とはいえ、今夜少佐は新たな勇者を祝うセレブレーションパーティーに参加せねばならぬ身だ。

しょうがない、少しは慰めるか


「ちょっとは集中して撞いてください。ただでさえ我々じゃあまともにポケットに入れられないんですから」

「そうは言ってもな、明らかに片道切符だぞ」

「嘆いてオーダーが覆るわけでも、誰かが代わってくれるわけでもありません。観念して腹括るしかないでしょう。今までも何度か死線をくぐりぬけてきたわけですし、なんとかなるかもしれません」


「まあ、ならんだろう」

「まあ、そうですよね」


気休めにもならないな。


少佐が司令部から受け取ったオーダーは、モルトン潜入だけではない。

魔王国側に取り残された勇者達の安否確認並びにサルベージも兼ねている。

モルトン側の情勢も、生存も不確かな勇者達をどう探すかも分からない状態で、どうにかしろとは指令というにはお粗末すぎる。

なにかあると訝しむのも無理はない。

ましてや軍のなかで征夷の称号は特別なものだ、幾ら軍上層部だとしても捨て駒に扱っていいものではない。

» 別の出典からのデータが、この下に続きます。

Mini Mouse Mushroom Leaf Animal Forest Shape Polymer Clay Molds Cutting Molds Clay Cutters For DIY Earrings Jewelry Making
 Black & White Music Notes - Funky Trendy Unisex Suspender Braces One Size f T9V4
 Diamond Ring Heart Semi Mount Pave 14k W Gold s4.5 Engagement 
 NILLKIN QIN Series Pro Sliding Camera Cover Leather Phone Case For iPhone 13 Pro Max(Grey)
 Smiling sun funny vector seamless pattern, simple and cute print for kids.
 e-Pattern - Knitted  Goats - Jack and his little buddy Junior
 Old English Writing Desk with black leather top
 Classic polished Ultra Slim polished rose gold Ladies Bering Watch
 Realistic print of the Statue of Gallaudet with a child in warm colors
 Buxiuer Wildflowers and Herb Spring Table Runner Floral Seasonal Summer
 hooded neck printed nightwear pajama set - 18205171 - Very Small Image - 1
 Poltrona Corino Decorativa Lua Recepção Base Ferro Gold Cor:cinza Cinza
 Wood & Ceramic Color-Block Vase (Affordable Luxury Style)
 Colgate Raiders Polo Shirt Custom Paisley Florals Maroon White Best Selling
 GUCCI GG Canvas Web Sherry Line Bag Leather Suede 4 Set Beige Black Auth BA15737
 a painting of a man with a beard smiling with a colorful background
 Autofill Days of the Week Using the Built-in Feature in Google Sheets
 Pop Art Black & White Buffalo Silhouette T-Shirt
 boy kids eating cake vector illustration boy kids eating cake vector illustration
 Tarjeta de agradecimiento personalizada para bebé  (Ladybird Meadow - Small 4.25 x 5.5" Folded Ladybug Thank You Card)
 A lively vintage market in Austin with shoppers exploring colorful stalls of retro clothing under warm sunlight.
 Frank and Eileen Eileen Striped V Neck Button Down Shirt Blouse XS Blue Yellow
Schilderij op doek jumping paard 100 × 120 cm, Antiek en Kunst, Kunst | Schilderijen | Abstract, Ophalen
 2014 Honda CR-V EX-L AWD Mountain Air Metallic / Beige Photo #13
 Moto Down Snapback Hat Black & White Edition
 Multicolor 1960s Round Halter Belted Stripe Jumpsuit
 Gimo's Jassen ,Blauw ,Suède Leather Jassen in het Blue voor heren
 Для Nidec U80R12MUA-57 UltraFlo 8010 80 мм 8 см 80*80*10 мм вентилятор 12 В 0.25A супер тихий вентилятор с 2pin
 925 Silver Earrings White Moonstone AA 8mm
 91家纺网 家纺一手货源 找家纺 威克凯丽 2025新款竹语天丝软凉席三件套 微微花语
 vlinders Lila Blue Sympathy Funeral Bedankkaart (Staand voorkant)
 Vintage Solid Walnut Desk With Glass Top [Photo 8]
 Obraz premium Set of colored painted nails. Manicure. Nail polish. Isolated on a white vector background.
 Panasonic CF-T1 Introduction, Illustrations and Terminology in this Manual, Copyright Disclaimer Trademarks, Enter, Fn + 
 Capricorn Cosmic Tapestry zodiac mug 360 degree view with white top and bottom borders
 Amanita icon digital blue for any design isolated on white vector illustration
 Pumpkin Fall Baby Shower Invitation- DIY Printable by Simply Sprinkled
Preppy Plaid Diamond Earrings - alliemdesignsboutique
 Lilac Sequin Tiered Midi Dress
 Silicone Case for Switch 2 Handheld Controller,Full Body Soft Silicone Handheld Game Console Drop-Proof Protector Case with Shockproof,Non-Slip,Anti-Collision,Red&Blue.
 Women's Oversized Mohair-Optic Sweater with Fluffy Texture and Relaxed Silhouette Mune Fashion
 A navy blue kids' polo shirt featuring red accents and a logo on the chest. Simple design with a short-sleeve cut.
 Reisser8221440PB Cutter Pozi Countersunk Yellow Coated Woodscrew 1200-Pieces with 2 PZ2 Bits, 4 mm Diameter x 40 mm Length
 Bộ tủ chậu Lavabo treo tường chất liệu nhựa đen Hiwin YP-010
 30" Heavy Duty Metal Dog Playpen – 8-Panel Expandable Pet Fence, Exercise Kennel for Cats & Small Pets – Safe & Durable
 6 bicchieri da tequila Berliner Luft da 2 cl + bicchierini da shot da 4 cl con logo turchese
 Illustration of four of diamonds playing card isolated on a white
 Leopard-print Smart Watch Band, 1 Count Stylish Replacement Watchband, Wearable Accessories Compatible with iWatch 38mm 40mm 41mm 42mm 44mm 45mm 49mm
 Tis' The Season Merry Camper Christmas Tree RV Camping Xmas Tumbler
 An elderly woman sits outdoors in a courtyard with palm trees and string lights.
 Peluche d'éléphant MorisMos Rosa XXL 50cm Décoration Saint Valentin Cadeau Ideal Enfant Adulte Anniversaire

となれば軍上層部より、さらに上から出たものに他ならない。

努力目標に過ぎないこのオーダーは不自然すぎるのだ。


話題を変えよう


「祝賀会には軍服で出席ですか?」

「礼服というわけにもいかないからな、そうなるだろう」

「潜入には軍服というわけにはいきませんよね?」

「あー、そうだな背広でも仕立てるか」

「セイバル通りで仕立てだなんて、おのぼりには敷居が高いっすね」

「まあ、死装束だけどな」


だめだ。後ろ向きすぎる。


「中尉にも言えますかそれ?」

「……無理」

「じゃあ死に物狂いで死なないようにしなきゃならんですねえ」

「やれやれ、泣き言も言えんのか勇者ともなれば」

「征夷の名は安くはないってことです。死に様まで英雄でなければ」


「皮肉だぞ。それ」

「皮肉を言ってるんですよ」


少佐は髪をかき上げ、蒸留酒を一気に飲み干した。

そしてポケット前のフリーボールを盛大に外した。